▸ **Assignment**
I need the lines below from the one with "Set of 2 side tables with integrated lamp." down to the one with "Une salle de" reproduced exactly, both ends included, and nothing else.
*** Data to use ***
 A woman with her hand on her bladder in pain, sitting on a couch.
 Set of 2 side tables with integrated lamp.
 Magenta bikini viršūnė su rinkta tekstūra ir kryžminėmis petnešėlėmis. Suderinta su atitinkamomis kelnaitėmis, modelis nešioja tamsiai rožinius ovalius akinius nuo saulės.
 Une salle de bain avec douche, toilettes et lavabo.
*** End of Data to use ***
*** Data to use ***
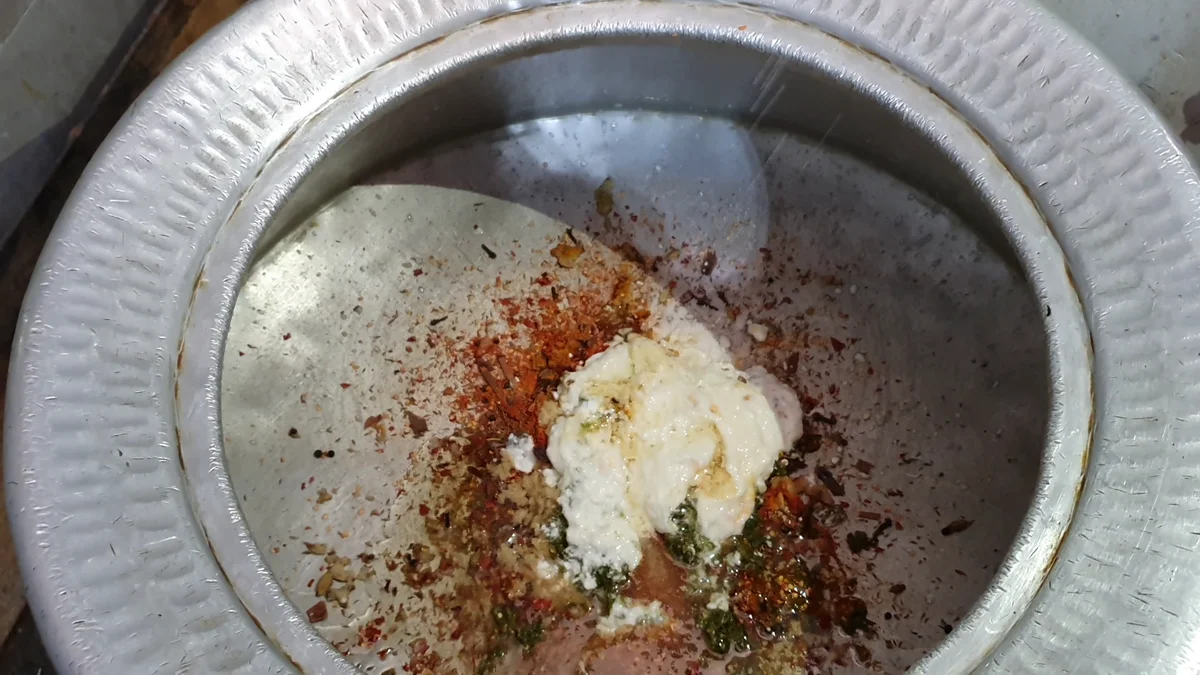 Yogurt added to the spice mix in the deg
*** End of Data to use ***
▸ **Answer for the task**
 Set of 2 side tables with integrated lamp.
 Magenta bikini viršūnė su rinkta tekstūra ir kryžminėmis petnešėlėmis. Suderinta su atitinkamomis kelnaitėmis, modelis nešioja tamsiai rožinius ovalius akinius nuo saulės.
 Une salle de bain avec douche, toilettes et lavabo.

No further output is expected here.